◆ REQUIREMENT:
Extract the text of each entry below exactly, leaving every image behind.

DATA SUPPLIED section start

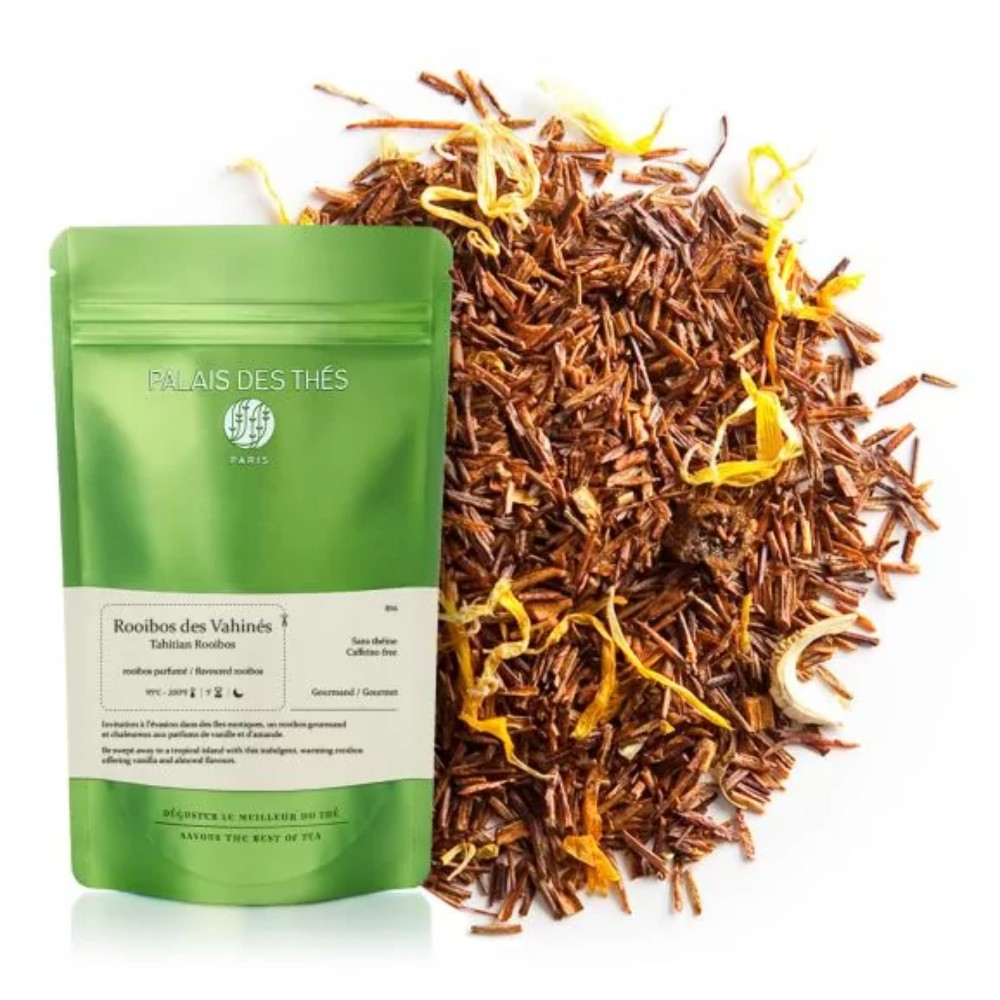 როიბუში (ვანილი და ნუში) / Rooibos (Vanilla and Almond) 500ml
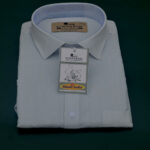 khadi-shirt-blue-light-blue-color
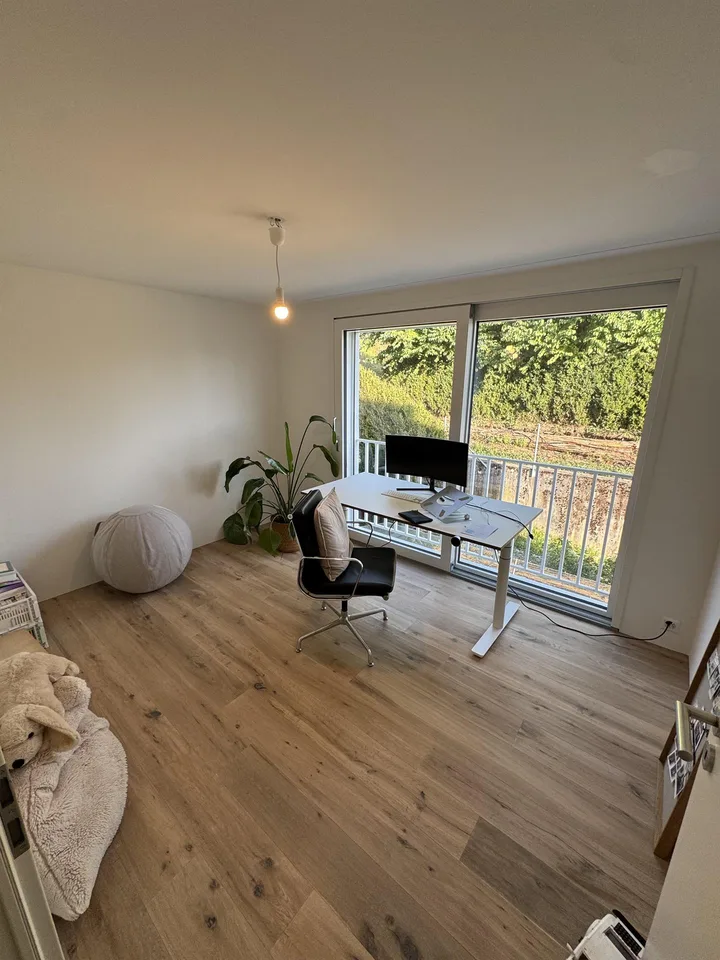 Traumhafte 4.5-Zimmer-Maisonette im Eigentumsstandard mit Dachterrasse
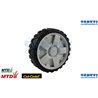 Kit Ruota8X2 Bb - MTD / Cub Cadet - Originale - 753-08093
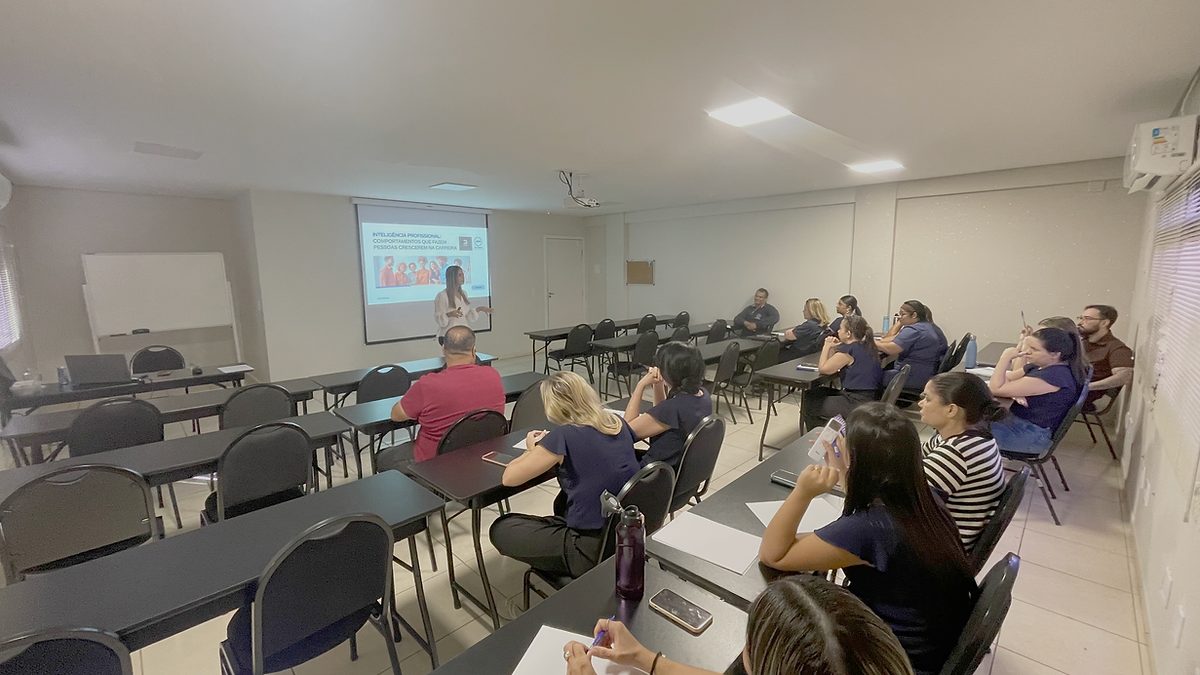 Capa do artigo APM promove palestra sobre inteligência profissional e comportamento no ambiente de trabalho
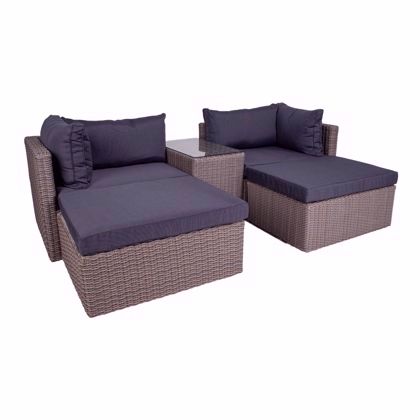 HOUSE NORDIC Rossi havesofa-Lounge sofa-Byg din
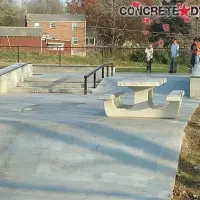 Independence Skate Park - Independence, Missouri, U.S.A.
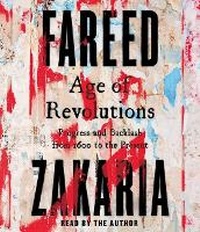 Enlarge image Cover: Age of Revolutions - SIMON & SCHUSTER AUDIO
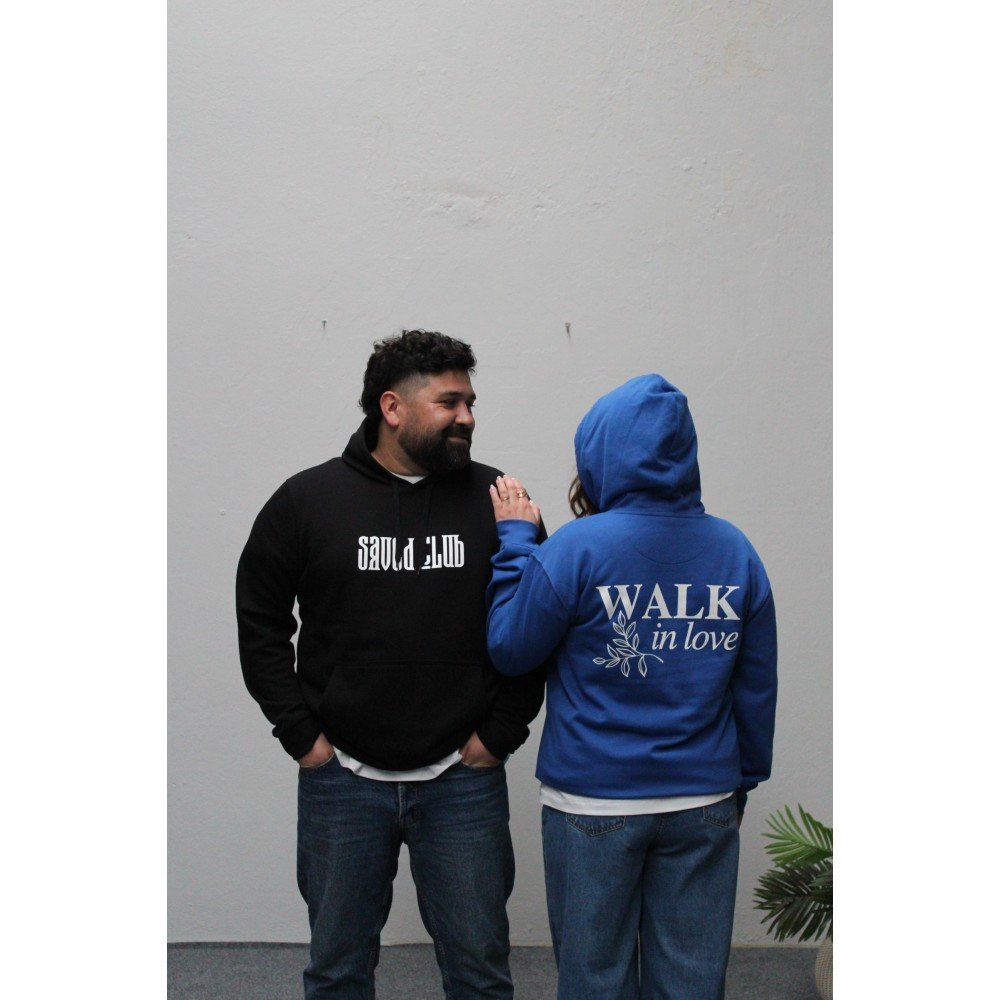 Sweart HOODIE SAVED CLUB
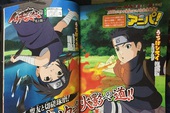 Hé lộ hình ảnh mới của phim hoạt hình Naruto về Itachi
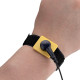 StarTech.com ESD-WRIST-STRAP muñequera antiestática Negro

DATA SUPPLIED section end

◆ ANSWER BOX:
 როიბუში (ვანილი და ნუში) / Rooibos (Vanilla and Almond) 500ml
 khadi-shirt-blue-light-blue-color
 Traumhafte 4.5-Zimmer-Maisonette im Eigentumsstandard mit Dachterrasse
 Kit Ruota8X2 Bb - MTD / Cub Cadet - Originale - 753-08093
 Capa do artigo APM promove palestra sobre inteligência profissional e comportamento no ambiente de trabalho
 HOUSE NORDIC Rossi havesofa-Lounge sofa-Byg din
 Independence Skate Park - Independence, Missouri, U.S.A.
 Enlarge image Cover: Age of Revolutions - SIMON & SCHUSTER AUDIO
 Sweart HOODIE SAVED CLUB
 Hé lộ hình ảnh mới của phim hoạt hình Naruto về Itachi
 StarTech.com ESD-WRIST-STRAP muñequera antiestática Negro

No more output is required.